MERCED, Calif.–One hand rises slowly into the air from the back of a room overflowing with Southeast Asian refugees. Another hand pops up in the front. A third hand timidly reaches upwards. The other 200 refugees in the bare room do not raise their hands, unable to say they have jobs or know someone who does.

Outside, a winter rain falls on Merced, California, a small city in the rural San Joaquin Valley, where 30,000 Southeast Asians have moved since 1981. Ninety percent of the refugees are unemployed, subsisting on public welfare and food grown in community gardens. They are Hmong refugees from the highlands of Laos, organized by the U.S. CIA during the Vietnam War to fight North Vietnamese and Lao communists. They are unskilled, unsophisticated in American life and living on the bottom of the economic ladder, untrained in how to climb the economic rungs.

At the front of the room sits Dang Moua, director of the Hmong community association in Merced. Dang Moua is one of a small group of Hmong who have begun to master the U.S. economic system. He is trying to show the rest how to chart their way to the American dream.

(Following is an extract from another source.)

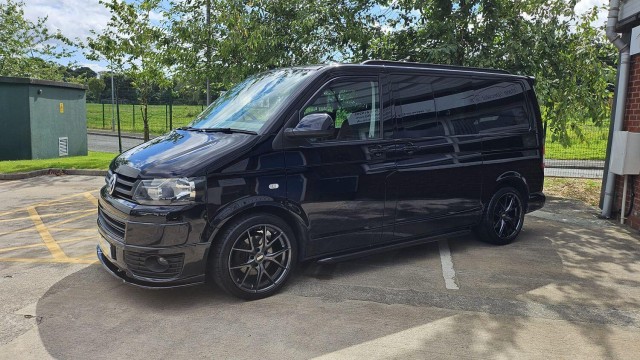 VOLKSWAGEN TRANSPORTER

The same scene is repeated throughout California, Wisconsin, and Minnesota where more than half the 70,000 Hmong refugees in this country live. The Hmong, and a few smaller groups of refugees from the highlands of Laos, have presented refugee resettlement officials with a sour legacy of the Vietnam War. Their strong support of the U.S. cause in Southeast Asia earned them the right to a new life here; but they have few of the social and economic tools necessary to build that new life.

Their history is of little help to them. For thousands of years they were a migratory tribe, moving south from China to Vietnam and Laos. Their life was simple, the skills necessary to survive were few. Brought to the United States with nearly 700,000 other Southeast Asians, the Hmong had lost everything in the war but their iron will to survive. For the past decade they have floundered in the United States, bouncing from community to community, coast to coast, depending on social welfare and government-funded vocational training to learn new ways to survive. Liberal public assistance has drawn more than half of the Hmong to Wisconsin and Minnesota and California, where many fear their dismal condition will fester.

But if attention is shifted away from the masses of Hmong unemployed, pictures of success are beginning to emerge. If the change is measured in small increments, change is coming for the Hmong. In small enclaves and tenuous economic development programs, experiments in blending Hmong experience and American technology are beginning to grow. Even in the midst of the San Joaquin Valley, where welfare dependency is now entangling the next generation of Hmong, a few fragile attempts are being made at self-sufficiency.

It is shortly after dark as the headlights on Dang Moua’s van sweep across a wide stretch of farmland north of Merced. The lights fall on an irrigation ditch as the van drops into a muddy puddle, then the beams come to rest on a low sheet-metal building as the vehicle rolls to a stop. Inside, a chorus of primitive grunts echo into the night. Dang Moua motions for everyone in the van to remain seated. Everything goes black as he shuts off the lights and walks into the building. Suddenly it is swathed in light and the grunting reaches a feverish pitch. Dang Moua motions towards the building and, inside, hundreds of hogs race towards him, stumbling over each other to reach the feeding bins.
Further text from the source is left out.